- Born: 1952 (age 73–74) Lebanon
- Occupations: writer, novelist

= Hoda Barakat =

Lebanese novelist

Hoda Barakat (هدى بركات; born 1952) is a Lebanese novelist. She lived most of her early life in Beirut before moving to Paris, where she now resides. She has published six novels, two plays, a book of short stories, and a book of memoirs. Her works are originally written in Arabic and have been translated into English, Hebrew, French, Italian, Spanish, Turkish, Romanian, Dutch, Brazilian Portuguese, and Greek.

Her work often explores themes of trauma and war; three of her early novels are narrated by male characters living in the margins of society during the Lebanese civil war.

== Biography ==
Barakat was raised in the Maronite Christian town of Bsharré, Lebanon. After moving to Beirut, Barakat studied French Literature at the Lebanese University, from which she graduated in 1975. In 1975 and 1976, she lived in Paris, where she worked towards a PhD, but she decided to return home when the Lebanese Civil War started. During this period, she worked as a teacher, translator, and journalist. In 1985, she released her first formal publication, a collection of short stories called Za'irat ("Women Visitors").

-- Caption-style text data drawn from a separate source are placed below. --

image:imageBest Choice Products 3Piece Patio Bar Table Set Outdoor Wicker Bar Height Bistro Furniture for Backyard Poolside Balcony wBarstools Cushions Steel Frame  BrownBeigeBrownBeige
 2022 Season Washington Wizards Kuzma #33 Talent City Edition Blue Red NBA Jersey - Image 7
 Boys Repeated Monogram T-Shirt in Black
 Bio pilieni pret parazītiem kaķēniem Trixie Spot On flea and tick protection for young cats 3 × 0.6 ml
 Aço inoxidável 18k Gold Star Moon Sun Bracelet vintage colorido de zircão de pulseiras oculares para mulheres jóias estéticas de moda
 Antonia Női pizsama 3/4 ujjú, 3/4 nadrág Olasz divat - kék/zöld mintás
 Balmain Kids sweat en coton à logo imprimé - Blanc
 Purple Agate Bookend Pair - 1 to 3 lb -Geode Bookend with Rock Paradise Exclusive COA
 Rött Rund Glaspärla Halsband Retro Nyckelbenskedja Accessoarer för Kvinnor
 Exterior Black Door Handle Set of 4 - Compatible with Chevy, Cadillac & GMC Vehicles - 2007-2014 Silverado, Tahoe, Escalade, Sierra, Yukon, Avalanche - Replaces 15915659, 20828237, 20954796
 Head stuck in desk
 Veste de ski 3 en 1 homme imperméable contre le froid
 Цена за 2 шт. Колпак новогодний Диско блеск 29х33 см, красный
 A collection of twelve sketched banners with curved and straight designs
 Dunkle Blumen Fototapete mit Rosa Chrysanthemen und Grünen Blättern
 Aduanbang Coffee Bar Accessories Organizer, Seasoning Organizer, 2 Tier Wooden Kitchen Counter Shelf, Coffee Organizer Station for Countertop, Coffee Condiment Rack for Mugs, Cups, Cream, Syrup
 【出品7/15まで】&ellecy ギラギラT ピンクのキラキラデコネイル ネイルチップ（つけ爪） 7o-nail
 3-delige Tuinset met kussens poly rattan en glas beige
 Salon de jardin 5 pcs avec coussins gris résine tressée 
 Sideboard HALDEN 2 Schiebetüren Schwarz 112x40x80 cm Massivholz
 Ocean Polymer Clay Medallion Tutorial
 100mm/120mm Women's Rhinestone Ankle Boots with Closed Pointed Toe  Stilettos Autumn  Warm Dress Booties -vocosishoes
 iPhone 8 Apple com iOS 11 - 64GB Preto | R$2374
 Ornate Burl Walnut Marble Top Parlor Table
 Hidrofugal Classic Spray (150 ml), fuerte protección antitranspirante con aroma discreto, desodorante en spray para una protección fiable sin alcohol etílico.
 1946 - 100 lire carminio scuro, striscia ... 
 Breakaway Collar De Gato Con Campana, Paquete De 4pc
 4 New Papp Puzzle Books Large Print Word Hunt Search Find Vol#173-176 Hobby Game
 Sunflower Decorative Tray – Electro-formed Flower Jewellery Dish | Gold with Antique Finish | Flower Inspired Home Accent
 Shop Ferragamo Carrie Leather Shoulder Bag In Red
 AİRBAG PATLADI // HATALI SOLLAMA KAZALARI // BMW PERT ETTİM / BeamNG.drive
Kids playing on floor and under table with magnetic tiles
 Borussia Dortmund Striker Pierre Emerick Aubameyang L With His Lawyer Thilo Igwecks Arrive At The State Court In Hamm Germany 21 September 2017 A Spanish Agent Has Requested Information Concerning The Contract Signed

She moved back to Paris in 1989 and has lived there ever since, publishing her remaining works from Paris, including Hajar al-Dahik (The Stone of Laughter, 1990) and Ahl el-Hawa (People of Love, 1993), among others. In addition to writing, she has also worked in radio broadcasting.

In 2004, she visited the United Kingdom on the first Banipal Live UK tour. Between 2010 and 2011, she was appointed as a fellow in Nantes Institute for Advanced Study Foundation. In fall 2013, Barakat was appointed the first Arabic Scholar in Residence at the University of Texas at Austin Middle Eastern Studies Program. She was also recently visiting professor of Middle Eastern Studies at Dartmouth College and Artist in Residence at the Institute for Advanced Study at Central European University.

=== Personal life ===
She married the poet Mohammad El Abdallah (Arabic: محمد العبدالله), whom she met in college. She acquired French nationality by naturalization on 24 March 1998.

== Works translated into English ==
- The Stone of Laughter, Interlink Books, New York, 1995, ISBN 9781566561976
- The Tiller of Waters, American University in Cairo Press, Cairo, 2001, ISBN 9789774246906
- Disciples of Passion, Syracuse University Press, Syracuse, 2005, ISBN 9780815608332
- Hoda Barakat's Sayyidi wa habibi: the authorized abridged edition for students of Arabic, Georgetown University Press, Washington DC, 2013, ISBN 9781626160026
- Voices of the Lost, Oneworld, London, 2021 ISBN 9781786077226

== Awards ==
Barakat's first work Hajar al-Dahik (The Stone of Laughter), which is the first Arabic work to have a gay man as its main character, won the Al-Naqid prize.

Her third novel, Harit al-miyah (The Tiller of Waters), won the 2001 Naguib Mahfouz Medal for Literature.

Her 2019 novel Bareed Al-Layl ("The Night Mail") won the 2019 International Prize for Arabic Fiction (IPAF); it was thereafter translated into English by Marilyn Booth and published in English under the title Voices of the Lost. Barakat is the second woman to have ever won the IPAF. She was previously longlisted for the IPAF in 2013, for her novel Malakoot hadhahi al-ard ("The Kingdom of This Earth").

She was decorated with the Chevalier de l'Ordre des Arts et des Lettres in 2002 and the Chevalier de l'Ordre national du Mérite in 2008.